Gianina K. Lockley

Scholar, Performer, Educator

Gianina K. Lockley is a scholar and interdisciplinary artist whose research and creative interests focus on the study of race, class, gender and sexuality within both staged performances and the performance practices of everyday. She received her MFA in Interdisciplinary Art and Media from Columbia College Chicago and a BS in Chemistry from Howard University. She has studied abroad at the United States International University in Nairobi, Kenya and has traveled extensively throughout East and West Africa, including a visit to the slave castles of Cape Coast, Ghana.

She recently debuted a staged reading of her play, Just how black? (2009), an ethnoautobiographical exploration into the performativity of blackness throughout the African Diaspora, at The Kennedy Center's 15th Annual Page-to-Stage New Play Festival. Her work primarily seeks to engage diverse audiences in stimulating conversations regarding topics of race, power and privilege. She has performed at Stage TWO Theater; the Book and Paper Gallery; and Raw Space Gallery in Chicago.  Her work has been featured in many publications including the United States International University Gazette Newspaper in Nairobi, Kenya--I am point five (0.5): half-African, half-American (2004), and The Columbia Chronicle (Rodriques, 2003).
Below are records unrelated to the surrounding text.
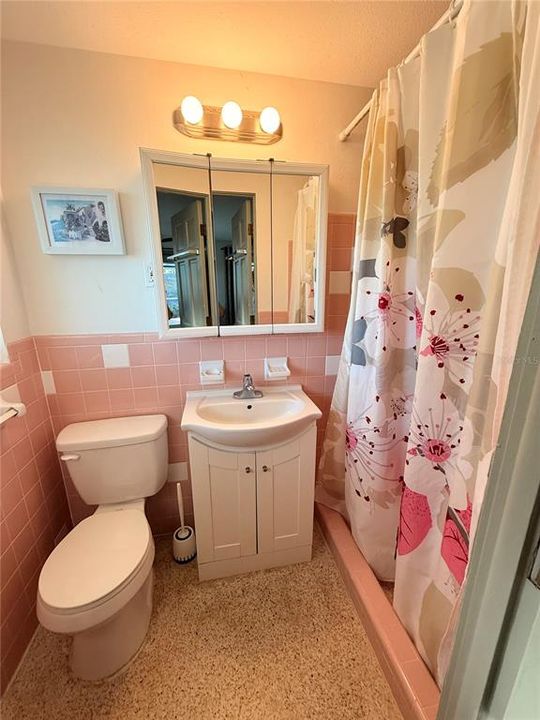 En Venta: $339,000 (2 camas, 2 baños, 1255 Pies cuadrados)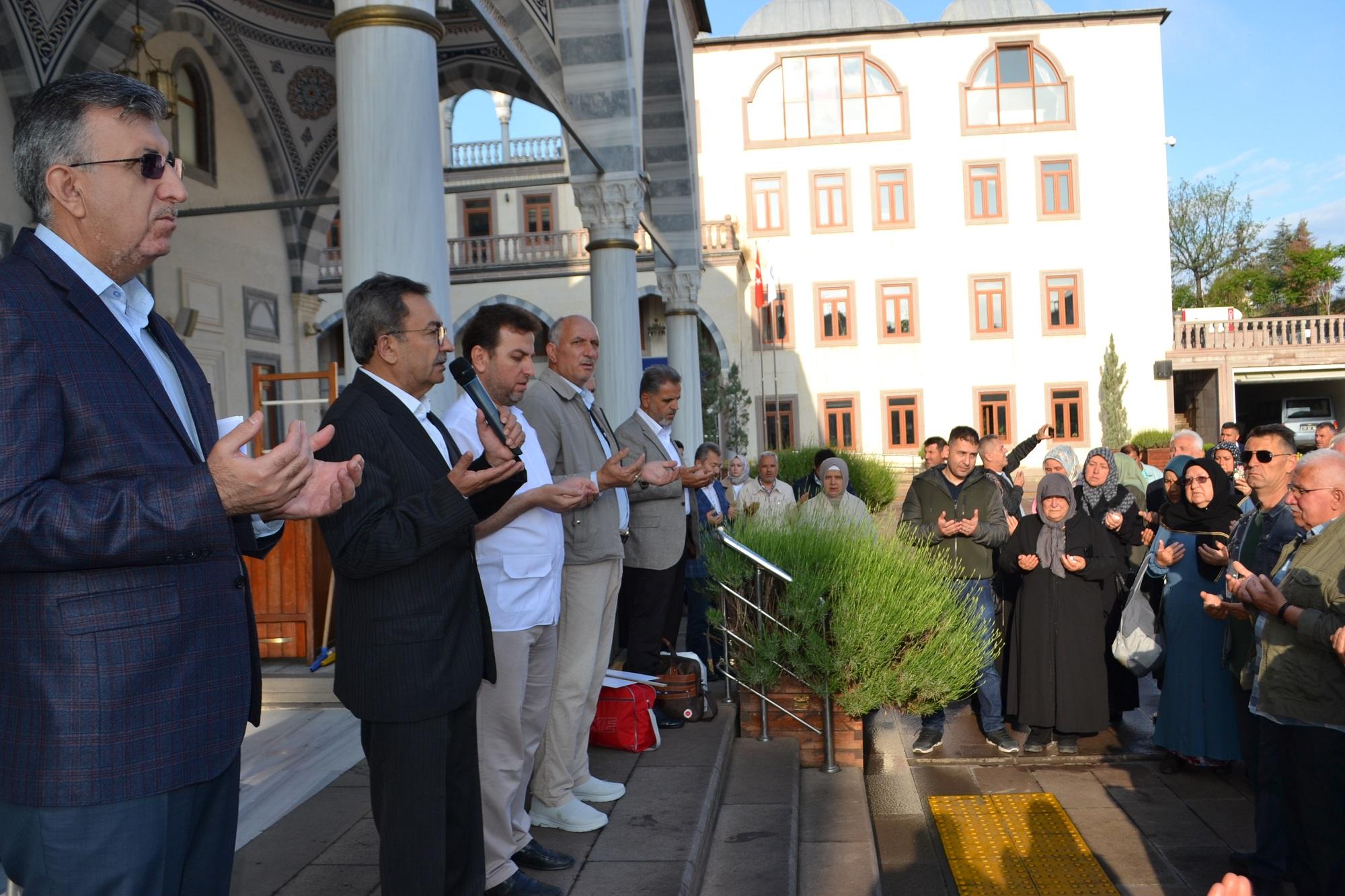 Hacı adayları Kırıkkale’den dualarla uğurlandı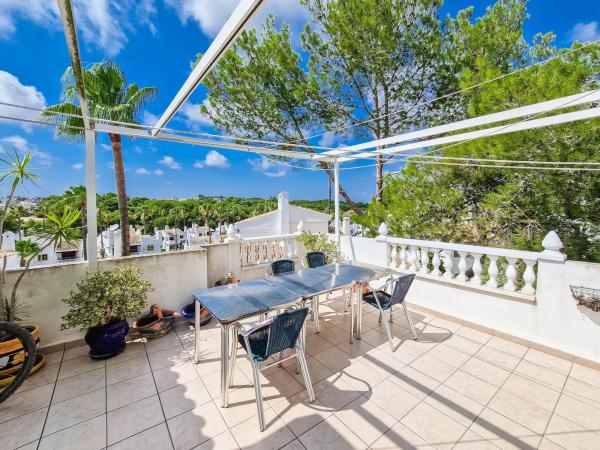 Chalet adosado en calle Joaquin Turina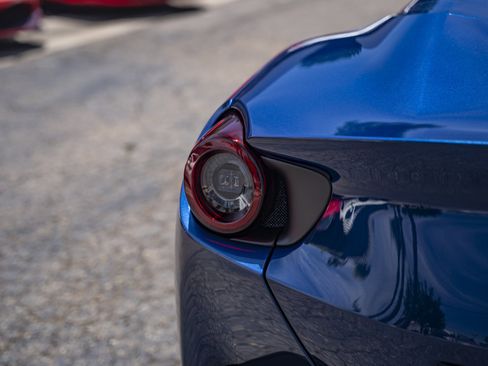 Used 2019 Ferrari Portofino image 23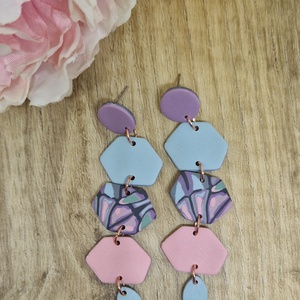 Tavaszi kaleidoszkóp mintás, pink, kék, lila lógós süthető gyurma fülbevaló. Polymer clay. Ajándék nőknek, lányoknak. - ékszer - fülbevaló - lógó fülbevaló - Meska.hu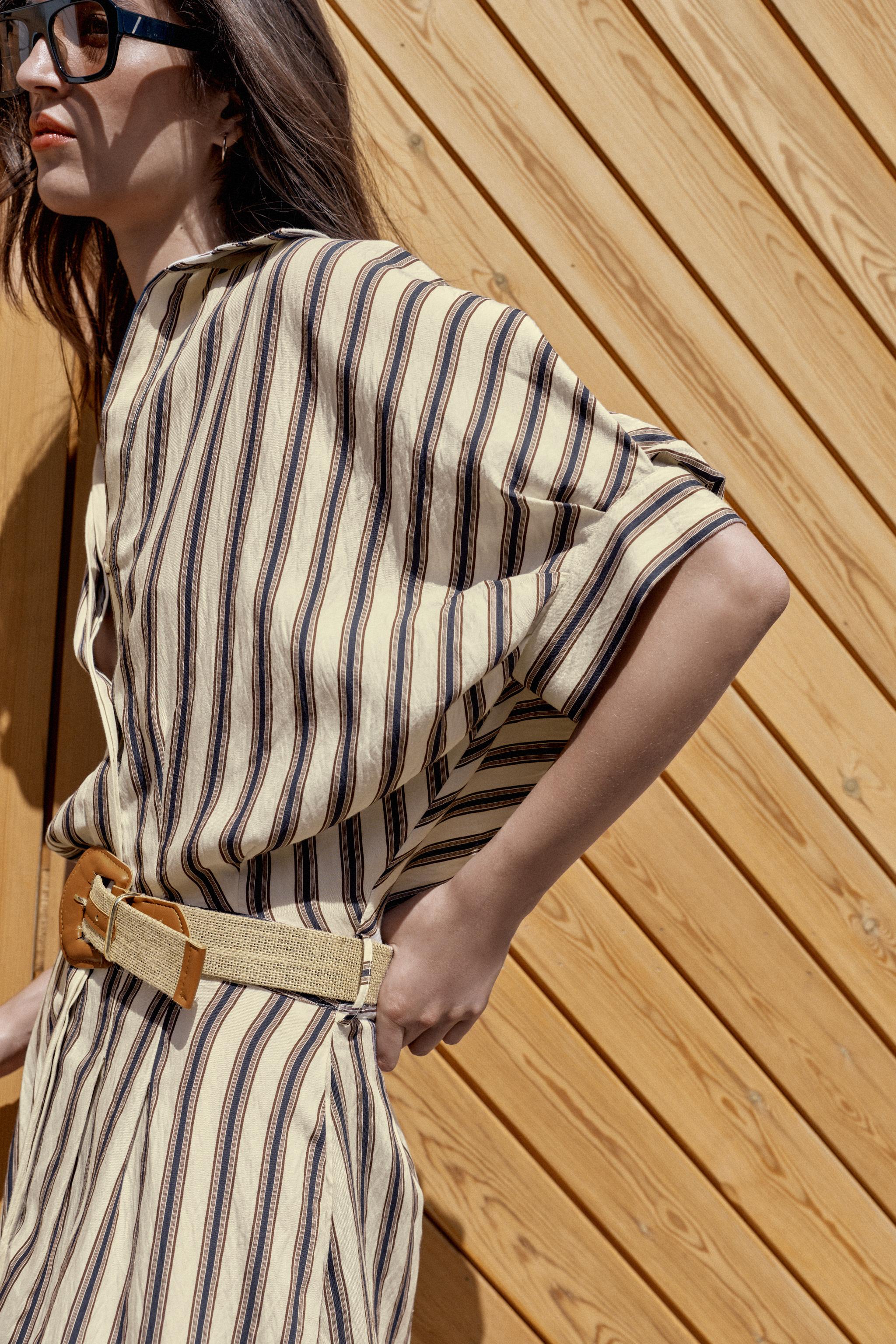 ROBE MI-LONGUE À RAYURES AVEC CEINTURE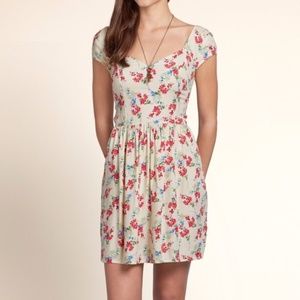 NWT Hollister Floral skater skirt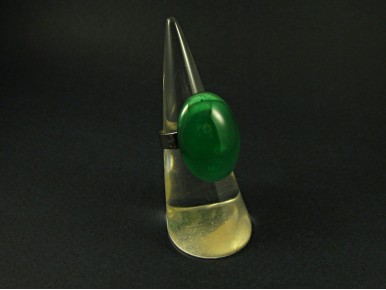 bague fantaisie cabochon ovale en verre vert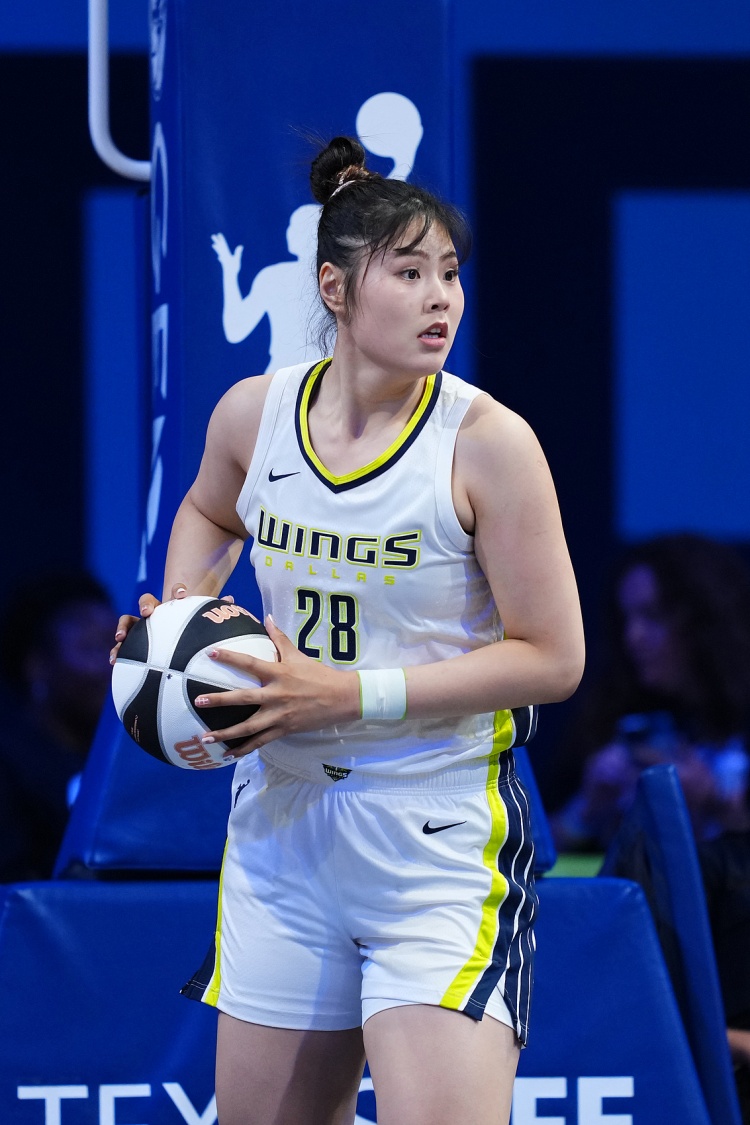 华体会体育官网-李月汝WNBA赛季高光：转战飞翼焕发新生，对阵狂热独得20分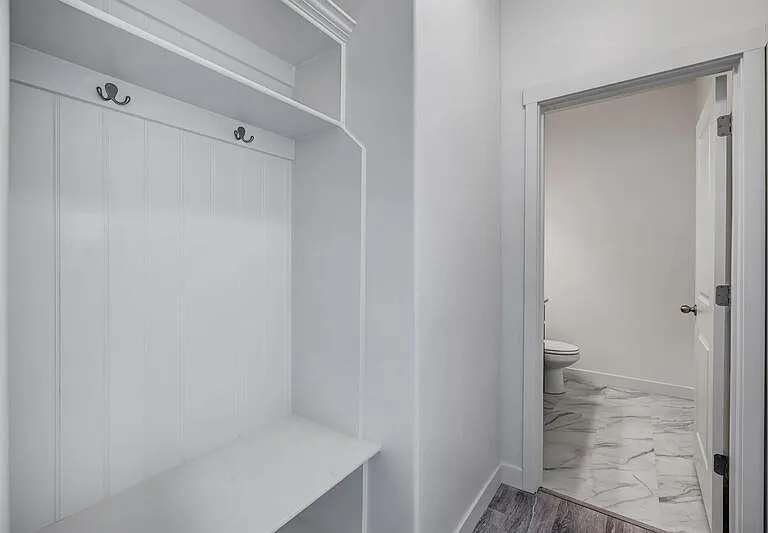 803 N Hilltop Dr — Photo 3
Lockley is currently completing a Professional Certificate in Diversity and Inclusion at Cornell University and has won numerous awards for her work in promoting diversity in higher education including the Columbia College Chicago’s Graduate Opportunity Award (2008), Columbia College Chicago Diversity Award (2008), Getz Graduate Award (2007) and the Lya Dym Rosenblum travel grant (2007) which afforded her the opportunity to travel to the 19th Annual James Porter Colloquium on African American Art at Howard University. She is a Diversity, Equity, Inclusion and Culture Consultant for schools and professional organizations where she leads trainings on how to better understand, engage and facilitate conversations related to social justice issues. 

Her newest research explores the influence of West African Dance in the United States and Guinea on youth development. Interdisciplinary in nature, Lockley's work is situated at the intersection of diaspora theory, dance and performance studies, ethnography, black feminism and youth development.

Photo by NIck Ciorogan

Lockley serves as an educational adviser for the Jack Kent Cooke Foundation, a private, independent foundation dedicated to advancing the education of exceptionally promising students who have financial need. In this role, she provides academic advising and personal counseling to exceptional students from high school through graduate school. She has completed certificates in Project Leadership and Nonprofit Executive Leadership from eCornell and the Lilly Family School of Philanthropy at Indiana University-Purdue University Indianapolis. Additionally, she completed a 5-month leadership development program at the Center for Nonprofit Advancement in Washington, DC.

Lockley has worked as a museum educator and docent for the Smithsonian's National Portrait Gallery and National Museum of African Art. She has a passion for West African dance and holds a work study position at The Dance Place in Northeast Washington, DC where she provides college planning workshops to their teen program and is a performing community member of Coyaba West African Dance Company under the leadership of Sylvia Soumah.

When she's not doing all of the aforementioned you can catch her working as a stylist at her favorite retail store or at home watching reruns of Sex in the City or The Office.

 

Blackness is what I know best. I want to talk about it, with definitive illustration.